Two silver cannisters and a sugar vase by Nicholas Sprimont,
Jessie and Sigmund Katz Collection, Museum of Fine Arts Boston (1988.1075a-1077a-b)
This coffee pot exists in two main variants, ours has the more elaborate and carefully worked handle. This design also exists in sugar bowls, beakers and yet only one saucer is known.
Frank Tilley (Tilley 1957, p. 96, Pl. LIV, No. 162 (3)) notes that part of a glazed and enamelled coffee pot of this pattern was found in the first excavations on the Chelsea site in 1847 and illustrates a unglazed ‘biscuit’ lid with the teaplant pattern which was found in three kilns discovered during excavations in 1906.
Condition:
There is a 4 cm. long hairline crack to the cover from the rim, and short firing crack to the rim of the pot at the neck.

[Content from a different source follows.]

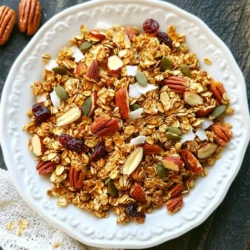 Making Maple Pecan Granola is easy. Here are the key ingredients you will need: - 3 cups rolled oats - 1 cup pecans, roughly chopped - 1/2 cup almonds, sliced - 1/2 cup pumpkin seeds - 1/2 cup shredded coconut (unsweetened) - 1/2 teaspoon salt - 1 teaspoon cinnamon - 1/2 cup maple syrup - 1/4 cup coconut oil, melted - 1 teaspoon vanilla extract Each ingredient plays a role in the taste and crunch of the granola. The oats serve as the base. Nuts give it a nice crunch and healthy fats. Coconut adds a touch of sweetness. Maple syrup binds everything together and adds a rich flavor. You can customize your granola with optional ingredients. Here are some fun ideas: - 1/2 cup dried cranberries - 1/4 cup chocolate chips - 1/4 cup sunflower seeds - 1/2 teaspoon nutmeg Adding dried cranberries brings a tart bite. Chocolate chips can make it a sweet treat. Sunflower seeds add more crunch and nutrition. Feel free to mix and match! This granola is not just tasty; it is also packed with nutrients. Here’s a quick look at its benefits: - Oats: High in fiber and great for digestion. - Pecans and almonds: Full of healthy fats and protein. - Pumpkin seeds: High in magnesium and zinc. - Coconut: Provides healthy fats and adds flavor. - Maple syrup: A natural sweetener with antioxidants. This granola is a great snack or breakfast option. It fuels your body and keeps you full. So, enjoy every crunchy bite! {{ingredient_image_1}} First, you need to preheat your oven to 350°F (175°C). This step warms the oven and helps the granola cook evenly. Next, grab a large baking sheet and line it with parchment paper. The paper keeps the granola from sticking and makes cleanup easier. In a large mixing bowl, combine the rolled oats, chopped pecans, sliced almonds, pumpkin seeds, shredded coconut, salt, and cinnamon. Stir these dry ingredients well. You want to ensure that the oats and nuts are mixed evenly, so every bite has a great taste. In a separate bowl, whisk together the maple syrup, melted coconut oil, and vanilla extract. Mix until everything is fully combined. This step adds sweetness and moisture to the granola, making it chewy and delicious. Pour the wet mixture over the dry ingredients. Stir well to coat everything evenly. Spread the granola mixture on your prepared baking sheet. Press it down slightly with a spatula. This helps form clusters. Bake it in the oven for 25-30 minutes. Be sure to stir halfway through for even browning. Once it turns golden brown and smells great, take it out. Let it cool completely on the baking sheet. After it cools, add dried cranberries if you want. Store the granola in an airtight container at room temperature for up to two weeks. To make your granola clump together, use these tips. First, mix your dry and wet ingredients well. Make sure every piece of oat gets coated. Second, press down the mixture on the baking sheet. This helps form clusters during baking. Lastly, avoid stirring too much while it cooks. Let it bake without too much fuss. You’ll get nice crunchy chunks that you can enjoy. Adjust the sweetness to fit your taste. If you like it sweeter, add more maple syrup. You can also try honey or agave syrup for a different flavor. For a more nutty taste, increase the pecans or almonds. If you want a hint of spice, add more cinnamon or nutmeg. These small changes can make a big difference in the final taste of your granola. Baking granola takes care and attention. Start by preheating your oven. This helps the granola cook evenly. Use parchment paper for easy cleanup. Spread the mixture evenly on the baking sheet. Bake at 350°F for about 25 to 30 minutes. Stir halfway through to ensure even browning. Watch it closely near the end. It can go from golden to burnt quickly. Once it’s done, let it cool fully. This makes it crunchy and ready for snacking. Pro Tips Use Fresh Ingredients: Always opt for fresh nuts and seeds to enhance the flavor and nutritional value of your granola. Customize the Sweetness: Adjust the amount of maple syrup according to your taste preferences or substitute with honey for a different flavor. Experiment with Spices: Feel free to add other spices like nutmeg or ginger for an extra kick of flavor in your granola. Store Properly: Ensure your granola is completely cooled before storing to maintain its crunchiness. {{image_2}} You can change the nuts and seeds in your granola. Try using walnuts or hazelnuts instead of pecans. These nuts add a different taste and texture. You can also use sunflower seeds or chia seeds for extra crunch and nutrition. Mixing different nuts and seeds keeps it exciting. Adjusting flavors is easy. If you want a sweeter granola, add more maple syrup. A pinch of nutmeg can add warmth. You can also add cocoa powder for a chocolatey twist. If you love spices, try adding cardamom or ginger for a unique flavor. These small changes can make your granola truly your own. Making your granola gluten-free is simple. Use certified gluten-free oats to ensure safety. This way, everyone can enjoy your snack. You can also use gluten-free grains like quinoa or puffed rice. They add a fun crunch and keep your granola light. With these swaps, everyone can share in the tasty goodness. To keep your maple pecan granola fresh, store it in an airtight container. This helps keep moisture out. A glass jar or a plastic container with a good seal works well. Make sure the granola is completely cool before sealing it. If it’s still warm, it can trap steam and make the granola soft. Your homemade granola will stay fresh for about two weeks at room temperature. After that, it may start to lose its crunch. Check for any signs of spoilage, like off smells or mold. If it looks or smells strange, it’s best to toss it out. Freezing granola is a great option if you want to save it for longer. To freeze, place the granola in a freezer-safe bag or container. Make sure to remove as much air as possible. When you are ready to eat it, let it thaw at room temperature. This method helps keep the granola crunchy and tasty for up to three months. Yes, you can. If you want to skip oats, try using puffed rice or quinoa. These options give a nice crunch. They also absorb flavors well. You can mix in nuts and seeds for more texture. Experiment with different grains to find your favorite blend. You can serve granola in many ways. It’s great with yogurt and fresh fruit. You can also add it to smoothie bowls for crunch. For a quick snack, enjoy it straight from the jar. You can even sprinkle it on ice cream for a sweet treat. The options are endless! Homemade granola stays fresh for about two weeks. Keep it in an airtight container at room temperature. If you want to store it longer, consider freezing it. Granola can last up to three months in the freezer. Just remember to let it cool before storing. Enjoy your crunchy snack anytime! To sum up, this blog post covered how to make Maple Pecan Granola. We talked about key ingredients, optional add-ins, and the nutritional benefits. I shared clear steps on how to mix, bake, and cool your granola. You also learned tips for making clusters and adjusting flavor. We explored variations for taste and dietary needs, plus storage tips. Granola is fun to make and versatile. You can enjoy it in many ways. Start your own batch, and enjoy a tasty snack!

There is some speckled sanding & very minor discolouration to the glaze which is typical of this early period of Chelsea production. The pot itself has ‘sagged’ in the kiln.
Provenance:
From the Collection of the 4th Viscount Wimborne
References:
Tilley 1957
Tilley, Frank. Teapots and Tea, (The Ceramic Book Company, Newport 1957)
Austin 1977
John C. Austin, Chelsea Porcelain at Williamsburg, Williamsburg (1977), for the example formerly in the M.G. Kaufman Collection, Chicago
Kevill-Davies 2020
Sally Kevill-Davies, ‘Some New Connections between Nicholas Sprimont’s Silver and early Chelsea porcelain’, Transactions of the English Ceramic Circle, Vol. 31 (2020), pp. 105-127
For other recently published examples see:
Gallagher 2015
Brian D Gallagher (et. al.), British Ceramics 1675-1825, The Mint Museum (2015) pp. 176-177, no. 113
Sharp 2015
Rosalie Wise Sharp, China to Light Up a House, Volume 1, (2015) p. 72, no. 219
Price: £35,000
[i] Jessie and Sigmund Katz collection, 1988.1076a-b.